Blue and silver and black and grey robots crowded the walls, watching the spectacle. The ship came to rest, and a stillness settled over the city.
‘They’re here,’ said Susan, spite in her voice, ‘they have really arrived. I don’t think this is our world any more.’
‘It was never your world,’ said Spoole, ‘it was always Nyro’s.’
A week passed, and Spoole was no closer to their goal. Worse, they were starting to be noticed. Infantryrobots seemed always to be present, standing in rooms, passing them in corridors, repairing themselves in forges they would not normally frequent.
‘The Generals will only tolerate me as long as they think I am not a threat,’ said Spoole. ‘Fools. They always seek to avoid direct confrontation as long as possible. Still, it would be wise if we were to try something else for the moment.’
They left the high rooms of the Basilica and the Centre City, and descended to street level.
‘Where you taking me now?’ asked Susan.
‘The Old City.’
‘Look at the stars,’ said Susan, pointing. ‘They’re falling.’
‘No,’ said Spoole. ‘They’re taking down the wall. They don’t need it now that Kavan has been defeated.’
Susan looked at the stepped shape to the west. She could make out the robots working quickly to disassemble the structure. She guessed they would be shipping it to the forges and factories at the northern end of the city, to be turned it into more soldiers for Artemis.
‘You really think Kavan is defeated?’ she said.
‘I don’t know,’ said Spoole. ‘The Generals always underestimated him, as did I.’
He looked towards the stars that shone in the gaps where the wall had been.
‘I wonder if the animals have done so as well,’ he murmured.
Kavan
Kavan felt the downdraft from the human ship as it flew overhead. It scattered dust and sand across the plain, blowing yet more inside his metal body.

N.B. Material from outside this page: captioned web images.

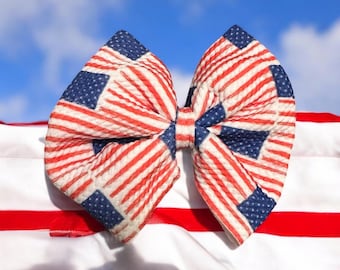 American Flag Bow Tie, Patriotic Bowtie, US Flag Fabric, Independence Day Bow, Red White Blue Bow, July 4th Accessory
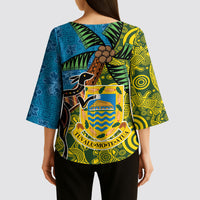 Tuvalu and Australia Together Kimono Sleeve Blouse Tapa Pattern and Aboriginal mix Culture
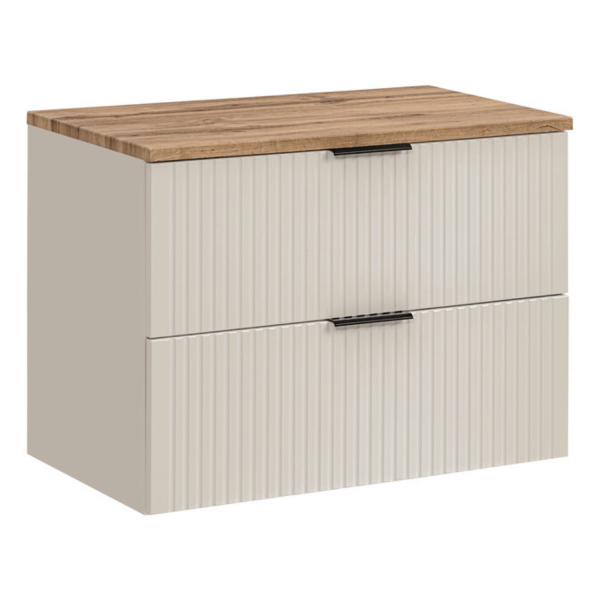 Szafka pod Umywalkę z Blatem 80 cm Ryflowana Łazienkowa Loft Dąb Wotan z Szufladami Beżowy ADEL CASHMERE Comad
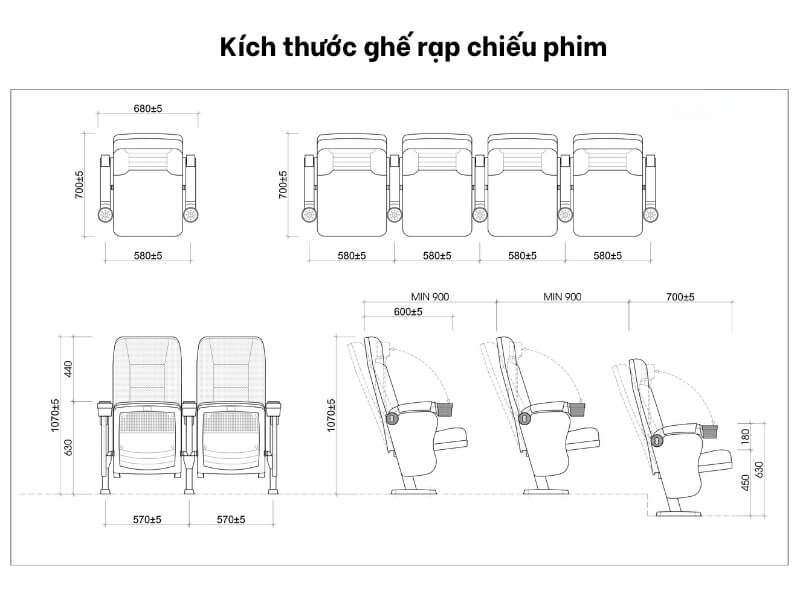 Kích thước ghế rạp chiếu phim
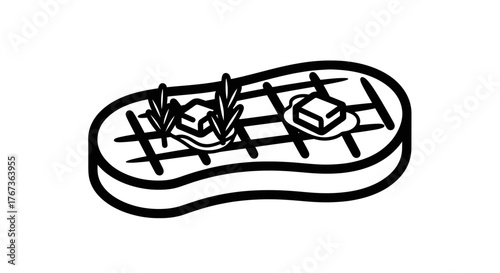 Grilled steak with butter and herbs delicious food culinary delight gourmet meal.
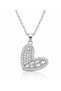 Crystal Heart Pendant Necklace with Baguette-Cut & Pavé-Style Stones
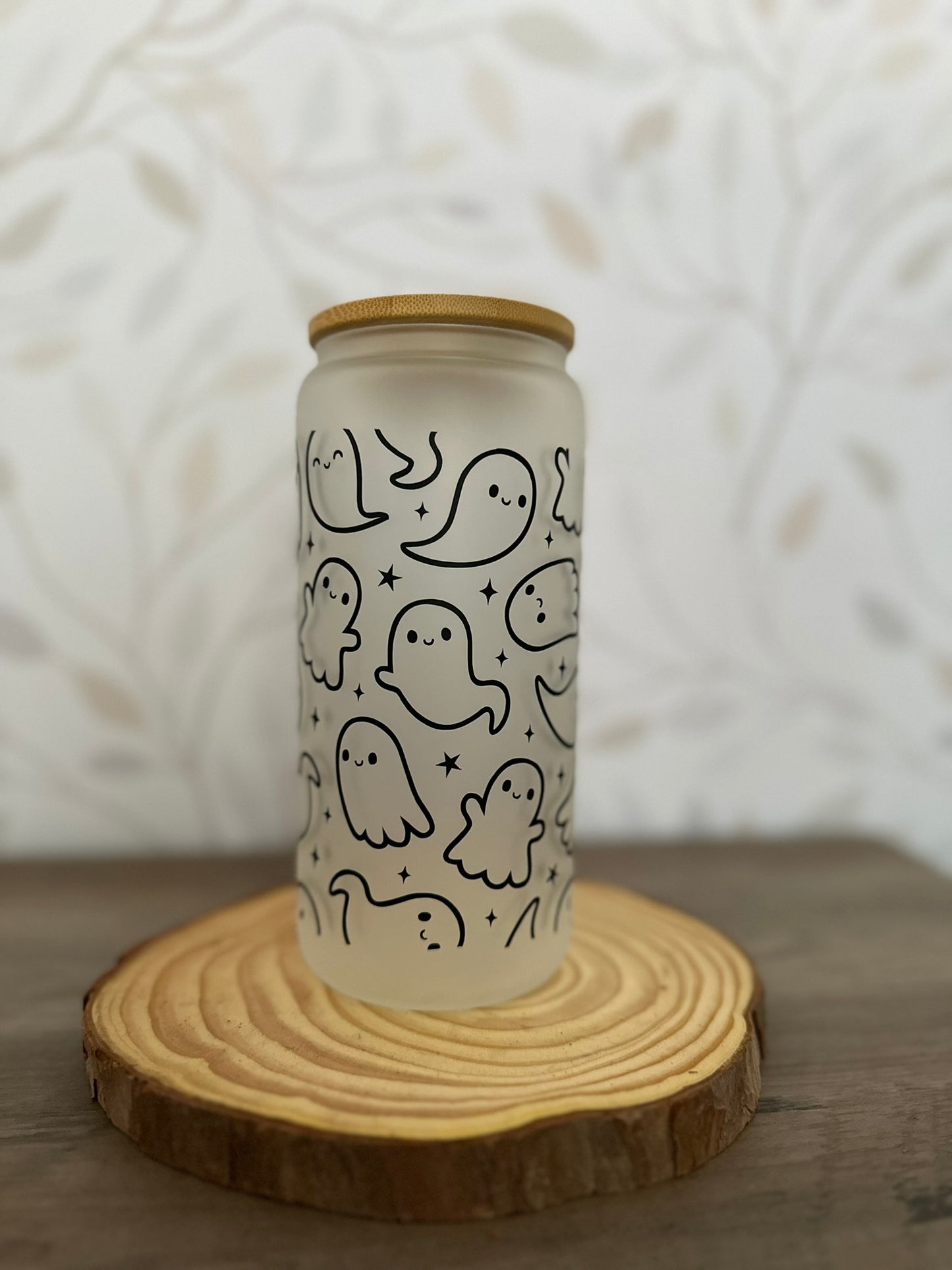 Ghosts | UVDTF | 20 oz Libbey Can Glass with Bamboo Lid & Straw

‘It’s landing,’ said Calor, excitedly. ‘It’s landing!’
They lay beneath a thin covering of sand with their heads pressed together, using vibration more than sound to communicate.
‘How far?’ asked Kavan.
‘Just under a mile.’
‘Do you think you can make it, Calor?’
‘I know I can.’
Kavan wondered if he should make her wait, but no. One day’s grace was the most they could hope for, after that the humans would have learned and rethought their tactics.
‘Do the best you can,’ he said, and he felt the current surge as she charged her electromuscles. She held it there, held it, letting it build to peak and then . . .
She eased her way slowly from the ground, her silver body gritty where the sand had stuck to the thin film of oil with which she had covered herself. Kavan raised his own head above the level of the earth, and saw the luminous green craft in the distance, the big blades on the top of the craft spinning, beating up the dust. Half seen through the haze, two humans were unloading a yellow crate from a hatch in the side of the craft. The robots had watched the humans at work on these crates before. They contained a mechanism that unfolded itself from the box like a robot climbing to its feet. A skeleton of metal that stood up and held out its arms. The Artemisian plain had been studded with pylons over the last few weeks: this would be the next in line. The humans were taking over the land, mile by mile, relentlessly imposing their machinery on Shull. Even the earth itself was not left untouched: out near the western coast, great areas of land had been churned up by human machines that crept back and forth on their hands and knees, turning shiny brown swathes of soil over to face the sunlight.